Records from a collection
******

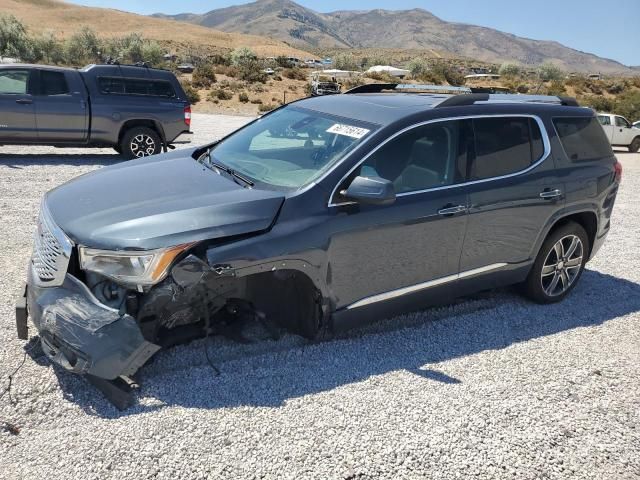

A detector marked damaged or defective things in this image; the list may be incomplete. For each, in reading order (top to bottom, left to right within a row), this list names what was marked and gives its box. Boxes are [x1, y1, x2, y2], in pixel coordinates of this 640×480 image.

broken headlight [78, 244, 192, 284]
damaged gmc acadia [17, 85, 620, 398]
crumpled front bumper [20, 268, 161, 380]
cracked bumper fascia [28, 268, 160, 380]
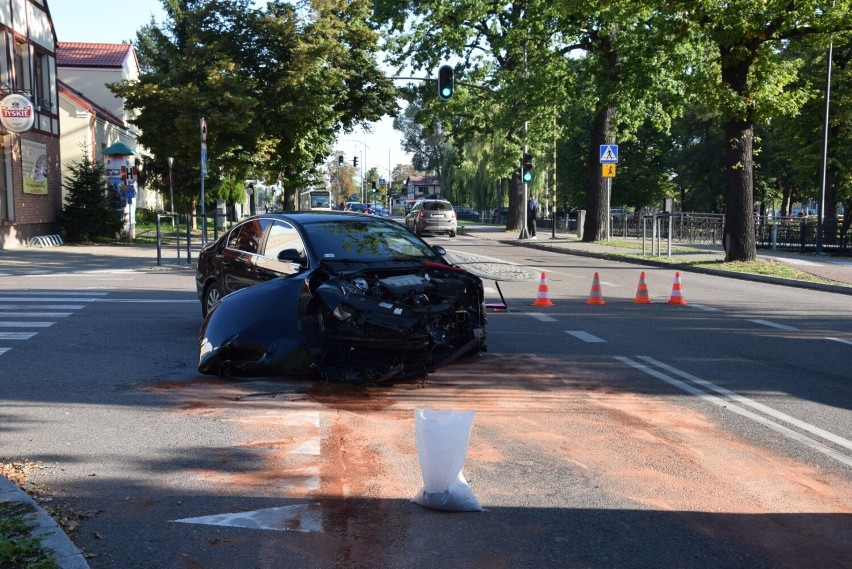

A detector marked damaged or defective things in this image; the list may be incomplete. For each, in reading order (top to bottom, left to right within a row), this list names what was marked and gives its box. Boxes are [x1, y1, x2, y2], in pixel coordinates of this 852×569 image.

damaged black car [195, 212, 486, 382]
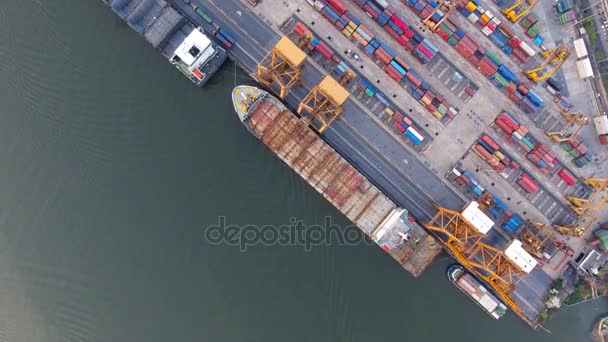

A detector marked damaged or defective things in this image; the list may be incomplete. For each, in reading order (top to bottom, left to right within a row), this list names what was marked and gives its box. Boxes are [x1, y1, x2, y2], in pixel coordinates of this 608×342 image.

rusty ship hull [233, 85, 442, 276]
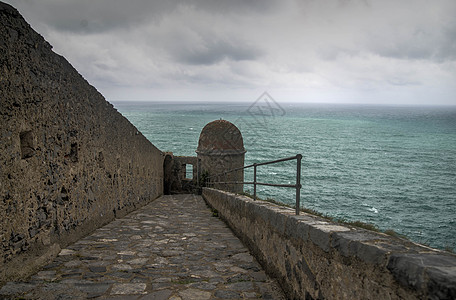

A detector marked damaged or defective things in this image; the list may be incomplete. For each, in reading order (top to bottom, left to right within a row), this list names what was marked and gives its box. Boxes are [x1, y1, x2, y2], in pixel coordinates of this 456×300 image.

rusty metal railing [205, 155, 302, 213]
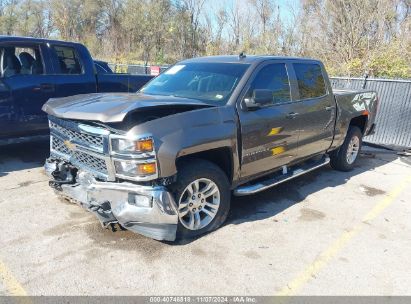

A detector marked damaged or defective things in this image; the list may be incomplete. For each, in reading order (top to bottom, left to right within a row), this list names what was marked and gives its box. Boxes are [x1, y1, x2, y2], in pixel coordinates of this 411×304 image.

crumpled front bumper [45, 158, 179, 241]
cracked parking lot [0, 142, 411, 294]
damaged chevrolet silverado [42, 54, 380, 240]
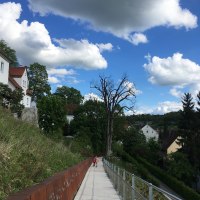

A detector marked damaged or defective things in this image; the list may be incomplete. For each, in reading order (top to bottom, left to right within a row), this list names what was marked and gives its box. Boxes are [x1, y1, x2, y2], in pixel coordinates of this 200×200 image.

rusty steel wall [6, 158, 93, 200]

******

__EXERCISE DESCRIPTION__:
No pictures belong in the copy. Transcribe every entry exactly.

__SOLUTION TO THIS EXERCISE__:
A detector marked damaged or defective things in this image; the list may be incomplete. For each, in reading order (top to bottom, left to right within a row), this list names what was marked and gives its box. Boxes are [x1, y1, x2, y2], in pixel coordinates of this 640×480 image.

broken headlight [78, 244, 192, 284]
damaged gmc acadia [17, 85, 620, 398]
crumpled front bumper [20, 268, 161, 380]
cracked bumper fascia [28, 268, 160, 380]

A detector marked damaged or defective things in this image; the list may be incomplete. For each, in reading order (top to bottom, left to right within a row), this list names what was marked and gives its box. Boxes are [x1, y1, x2, y2], in pixel coordinates of this 852×569 image.

damaged black car [195, 212, 486, 382]

A detector marked damaged or defective things in this image; the list may be incomplete. For each, in reading order (top to bottom, left to right within a row), this list names what was marked and gives its box. Boxes are [x1, y1, x2, y2], in pixel coordinates of this 608×342 image.

rusty ship hull [233, 85, 442, 276]

A detector marked damaged or defective things in this image; the list may be incomplete. For each, in reading order (top to bottom, left to right within a row), this list names what was marked and gives its box. Boxes are [x1, y1, x2, y2], in pixel coordinates of this 456×300 image.

rusty metal railing [205, 155, 302, 213]

A detector marked damaged or defective things in this image; the list may be incomplete. For each, in reading order (top to bottom, left to right within a row), this list names what was marked and gives its box. Boxes are [x1, y1, x2, y2], in pixel coordinates of this 411×304 image.

crumpled front bumper [45, 158, 179, 241]
cracked parking lot [0, 142, 411, 294]
damaged chevrolet silverado [42, 54, 380, 240]

A detector marked damaged or defective things in this image; the list may be incomplete. For each, in reading order (top to bottom, left to right within a row), this list names what was marked and gives its box. Boxes are [x1, y1, x2, y2], in pixel coordinates of this 200×200 image.

rusty steel wall [6, 158, 93, 200]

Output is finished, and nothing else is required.